The Mudcat Café TM
Thread #173887   Message #4217239
Posted By: Joe Offer
15-Feb-25 - 03:34 AM
Thread Name: Lomax Cowboy Songs
Subject: Lomax Cowboy Songs
What are the Cowboy Songs books that John and Alan Lomax published? I know there are at least two. The Library of Congress has Cowboy songs and other frontier ballads, published in 1922, but I know of a 1910 version and I think there may be others.
I have a 1916 version, which says it has additions to the 1910 version.
I have another book titled Songs of the Cattle Trail and Cow Camp, by John A. Lomax. It was published by Duell, Sloan, and Pearce of New York, copyright 1919, 1947, and 1950.

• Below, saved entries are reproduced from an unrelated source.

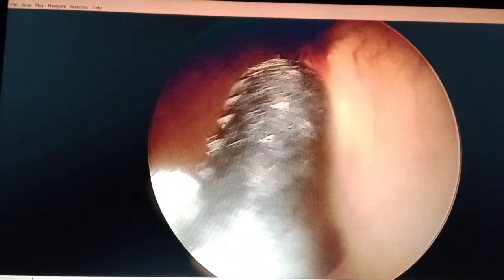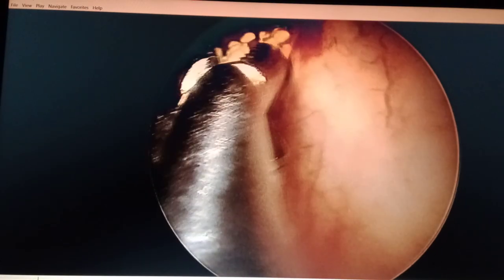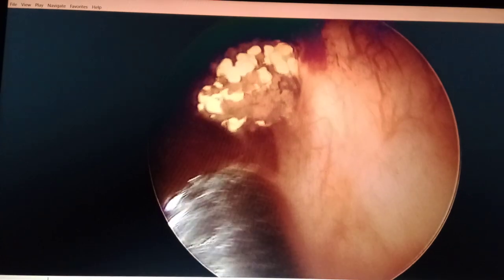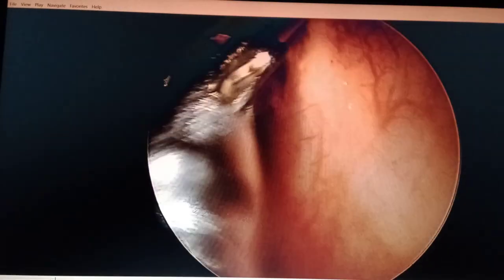Please note that for every ureterorenoscopy, cystoscopy is mandatory beforehand. Cystoscopy means to visualize the urinary bladder using a telescope specifically named a cystoscope. In this case we have identified the left ureter-vesicle opening as you can see here.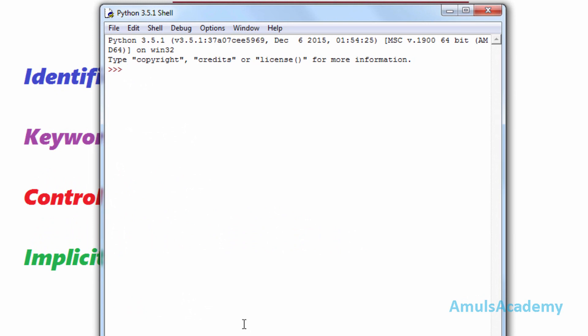I'll create one variable here and assign some value, and it is a valid variable name. As I said, the first letter of the variable name can be an underscore also, and that is also valid.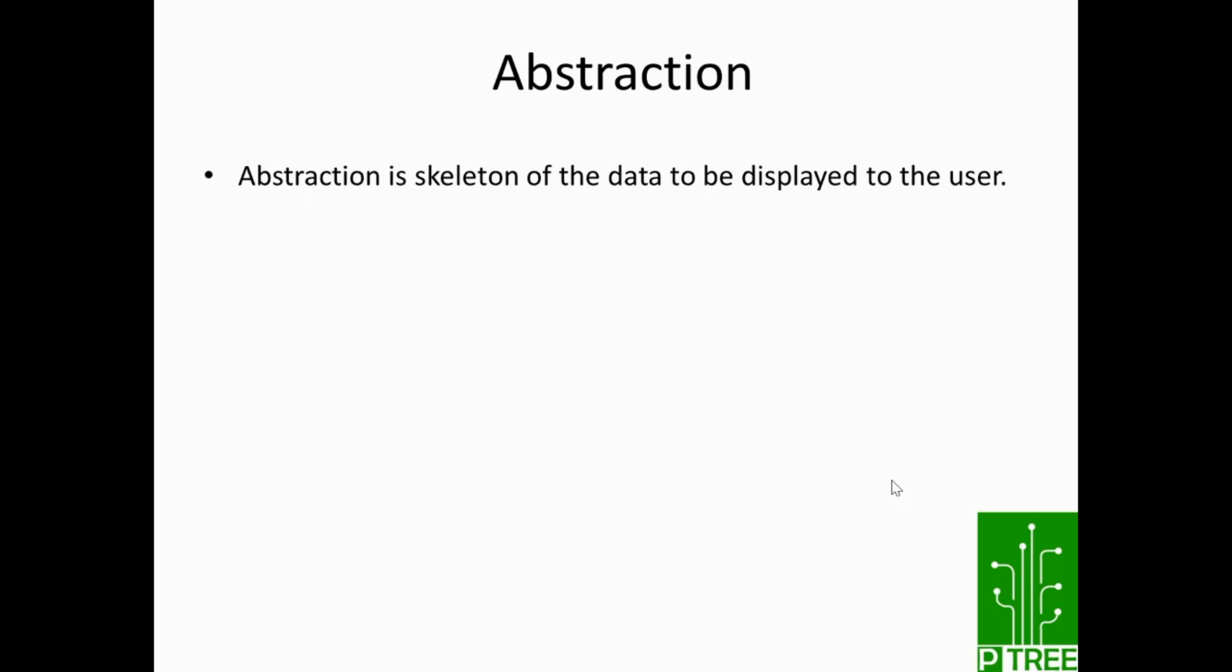The first definition of abstraction is: abstraction is a skeleton of the data to be displayed to the user. Now who is the user? The user is the person who is using your application, whether it is Word for Windows application, whether it is Facebook for web application, or whether it is AWS or Flipkart on your mobile application. So the end user is a person who is going to use your software.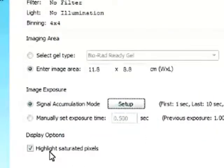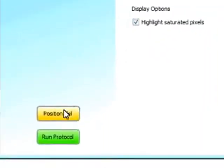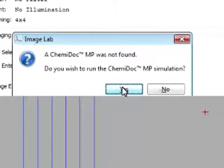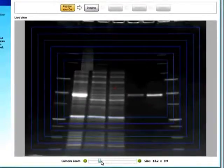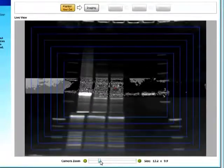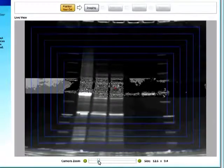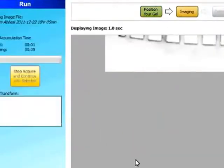And you can also select to highlight saturated pixels. And then when we position gel, we can also select to zoom in or out, obviously, and then run the protocol.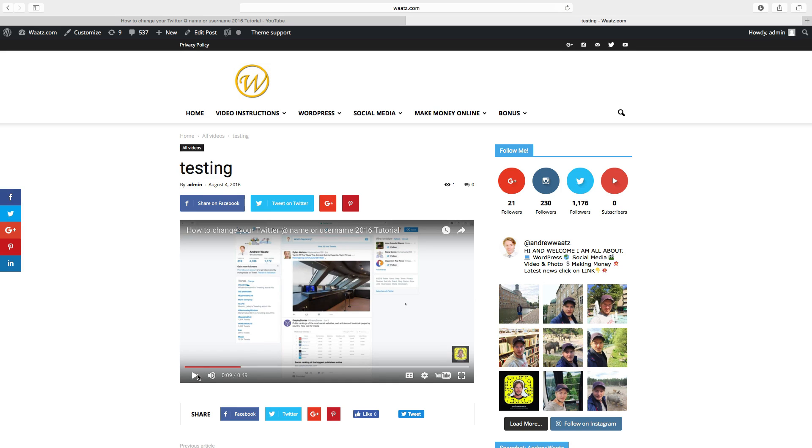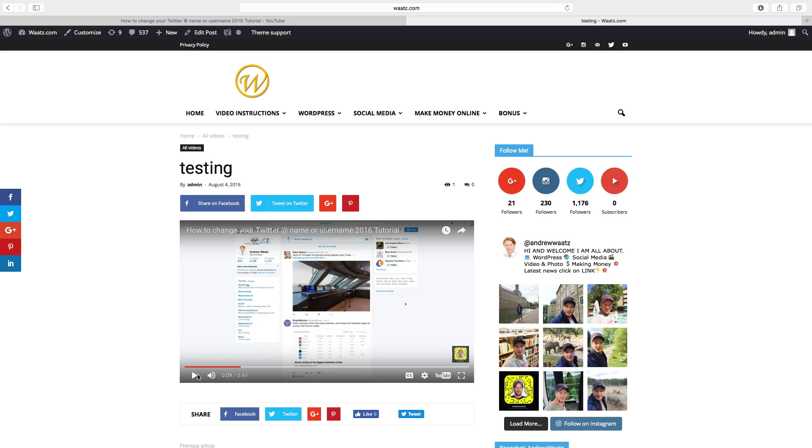So this is how you autoplay a video on your WordPress site. Please share this if you liked it. You can also subscribe to my other tutorials. If you want a free bonus I will leave that in the link below. Have an awesome day. Bye.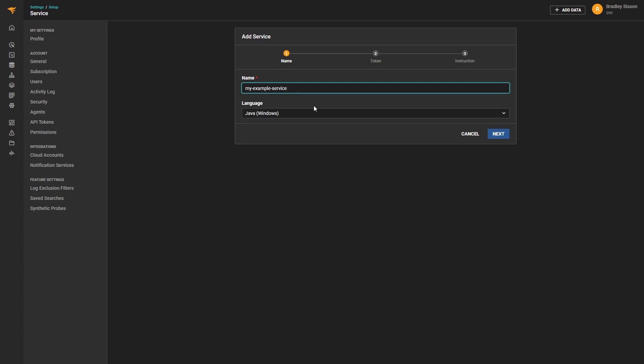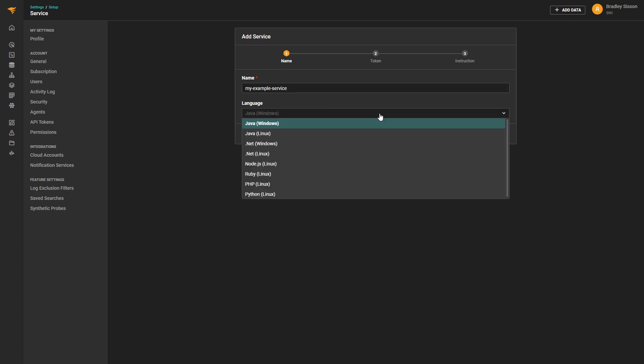it's best to choose one that describes the application being monitored. You'll also have to choose the language the application is written in, such as Java, .NET, PHP, Ruby, or Python.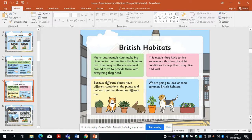Plants and animals can't make big changes to their habitat like humans can. They rely on the environment around them to provide everything they need. This means they have to live somewhere with the right conditions to help them stay alive and well. Because different places have different conditions, the plants and animals that live there are different too. We are going to look at some common British habitats.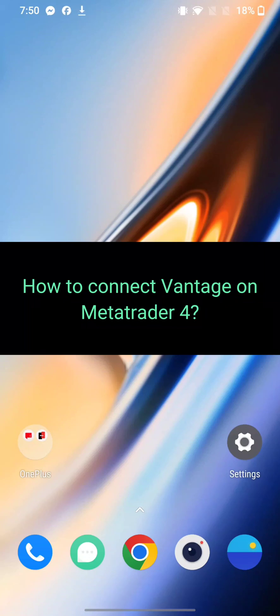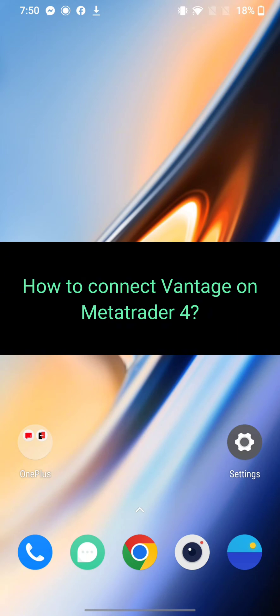Hi everyone, welcome back to a new episode of Trading Basics. Today in this video I'm going to show you how you can connect Vantage to your MetaTrader 4 account. Keep watching the video till the end.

Thread #13471   Message #110997
Posted By: Joe Offer
03-Sep-99 - 02:57 AM
Thread Name: Favourite Cowboy Songs-Second Edition
Subject: Lomax - Cowboy Songs, 1910

I just got a copy of Cowboy Songs, by John A. Lomax. The book was published in 1910, but I got the 1916 edition. It's a great collection of songs - but it has lyrics only for most of the songs. I understand that the book was reissued in the 1930's with tunes to most of the songs.
The book begins with a handwritten letter from Theodore Roosevelt, dated August 28, 1910:
Dear Mr. Lomax,
You have done a work emphatically worth doing and one which should appeal to the people of all our country, but particularly to the people of the west and southwest. Your subject is not only exceedingly interesting to the student of literature, but also to the student of the general history of the west. There is something very curious in the reproduction here on this new continent of essentially the conditions of ballad-growth which obtained in medieval England; including, by the way, sympathy for the outlaw, Jesse James, taking the place of Robin Hood. Under modern conditions, however, the native ballad is speedily killed by competition with the music hall songs; the cowboys becoming ashamed to sing the crude homespun ballads in view of what Owen Wister* calls the "ill-smelling saloon cleverness" of the far less interesting compositions of the music hall singers. It is therefore a work of real importance to preserve permanently this unwritten ballad literature of the back country and the frontier.
With all good wishes, I am
very truly yours,
Theodore Roosevelt
(I had to guess at some of the words - Teddy's penmanship was a little sloppy)
-Joe Offer-

*Owen Wister, author of "The Virginian".